= Gimbichu =

District in Oromia Region, Ethiopia

Gimbichu (Oromo: Gimbichuu, Amharic: ግንቢቹ) is a woreda in Oromia Region, Ethiopia. Part of the East Shewa Zone, Gimbichu is bordered on the south by Lome, on the southwest by Ada'a Chukala, on the northwest by the Amhara Region, and on the north bordering North Shewa Zone. The administrative center is Chefe Donsa.

== Overview ==
Most parts of this woreda are more than 2300 meters above sea level; Gara Bokan is the highest point. Rivers include Wedecha and Belbela, both tributaries of the Modjo. A survey of the land in Gimbichu shows that 37.6% is arable or cultivable, 14.2% pasture, 2.6% forest, and the remaining 45.6% is considered degraded or otherwise unusable. Lentils, chickpeas and fenugreek are important cash crops.

Industry in the woreda includes 6 privately owned food processing centers employing a total of 14 people, as well as 9 wholesalers, 84 retailers and 117 service providers.
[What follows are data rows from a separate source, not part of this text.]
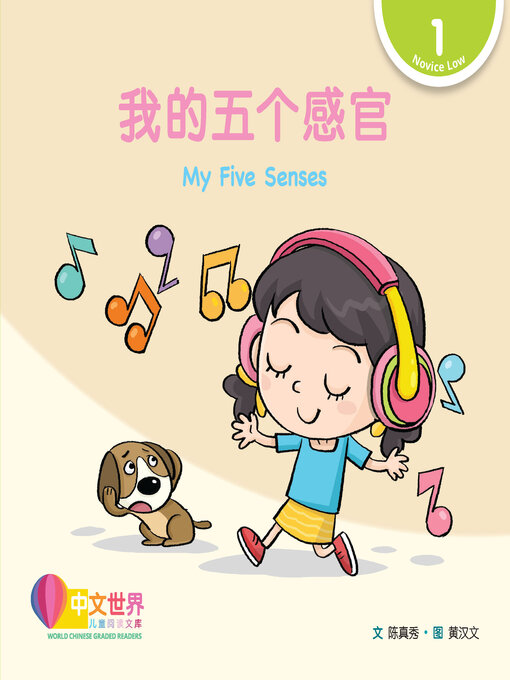 Title details for 我的五个感官 / My Five Senses by Marty Chen - Wait list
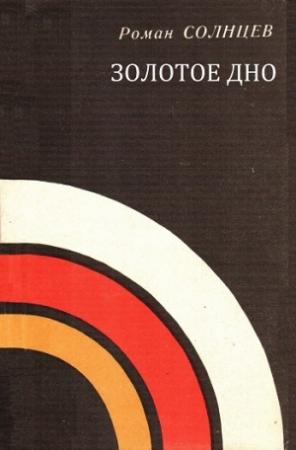 Обложка книги «Золотое дно» — Роман Солнцев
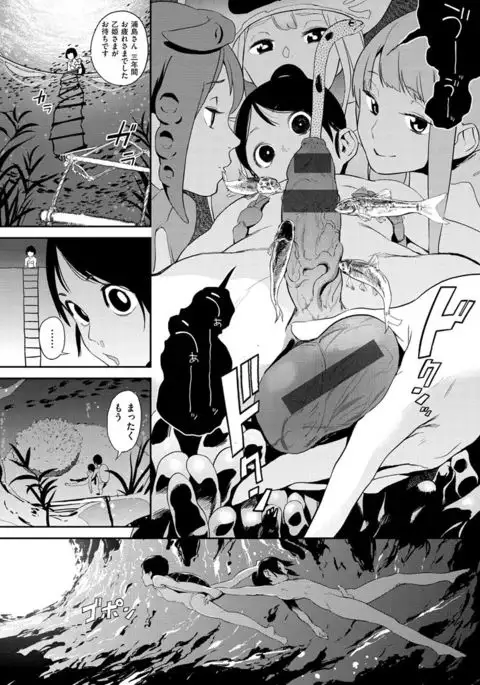 Namachichi Maratoro Pikun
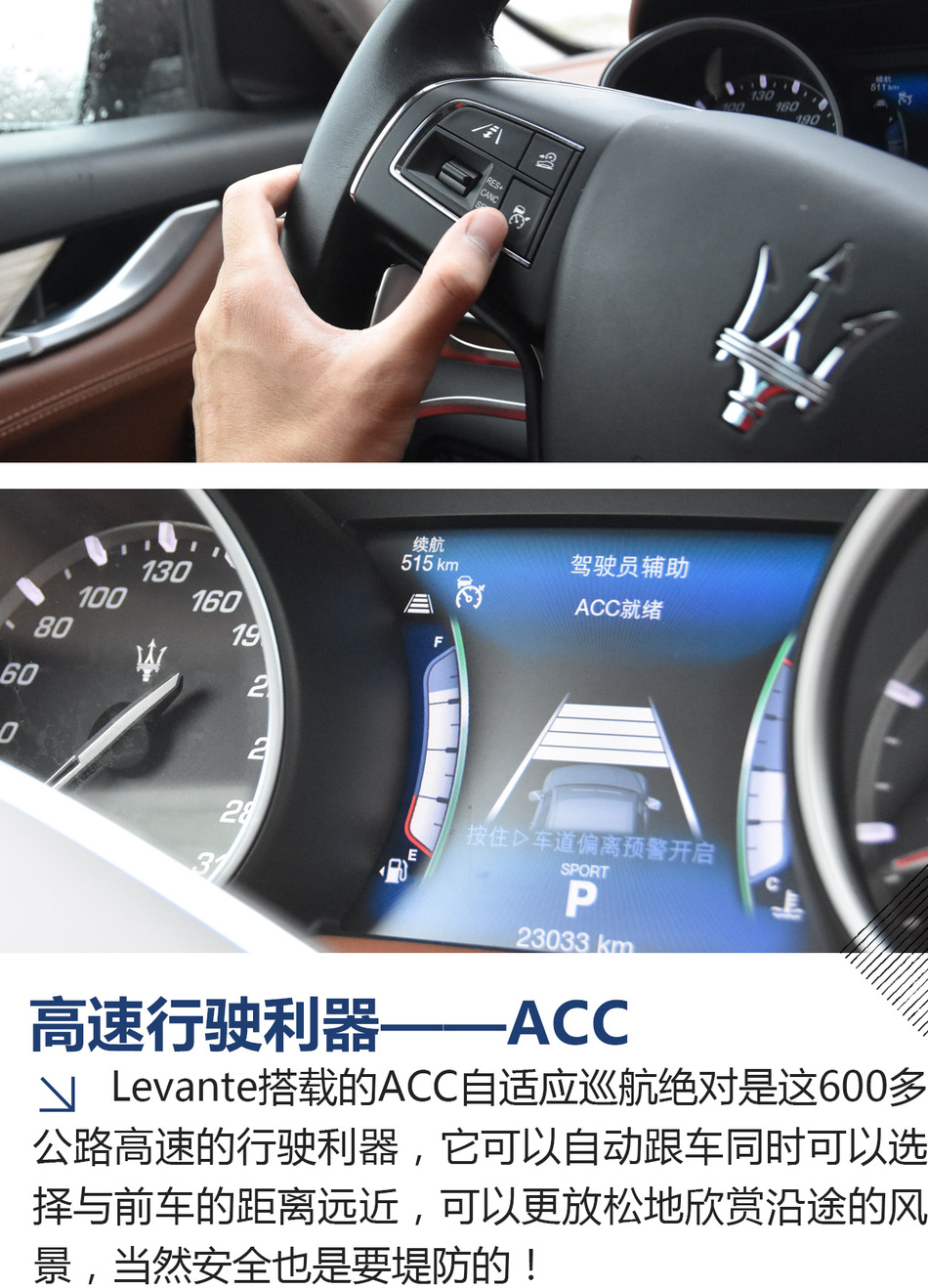 玛莎拉蒂寻美记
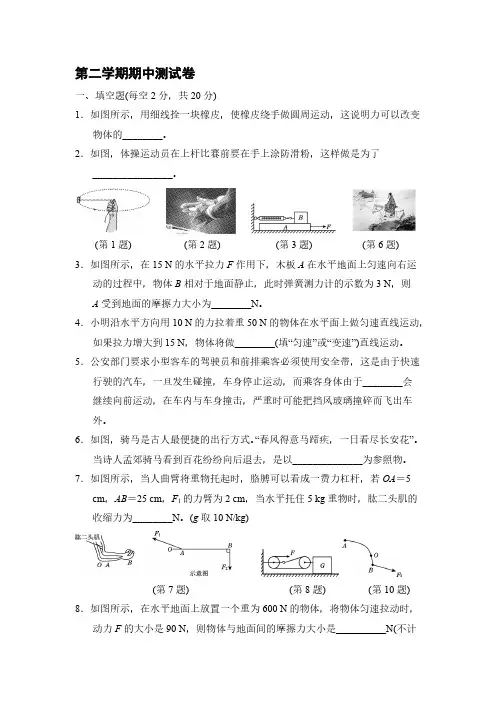 沪粤版八年级下册物理 期中测试卷【含答案】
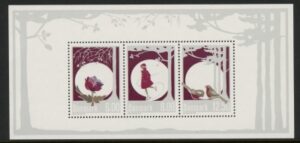 2013 Denmark MS.1732 Winter Stamps Mini-Sheet U/M (MNH)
There were 33 Farmers Associations with 11,177 members and 14 Farmers Service Cooperatives with 10,207 members. Gimbichu has 119 kilometers of dry-weather and 26 of all-weather road, for an average road density of 205 kilometers per 1000 square kilometers. About 6% of the rural, 100% of the urban and 11% of the total population has access to drinking water.

== Demographics ==
The 2007 national census reported a total population for this woreda of 86,902, of whom 45,126 were men and 41,776 were women; 6,330 or 7.28% of its population were urban dwellers. The majority of the inhabitants said they practised Ethiopian Orthodox Christianity, with 95.78% of the population reporting they observed this belief, while 1.6% of the population were Protestant, 1.41% of the population practiced traditional beliefs, and 1.17% of the population were Muslim.

Based on figures published by the Central Statistical Agency in 2005, this woreda has an estimated total population of 87,294, of whom 42,805 are men and 44,489 are women; 5,897 or 6.76% of its population are urban dwellers, which is less than the Zone average of 32.1%. With an estimated area of 707.49 square kilometers, Gimbichu has an estimated population density of 123.4 people per square kilometer, which is less than the Zone average of 181.7.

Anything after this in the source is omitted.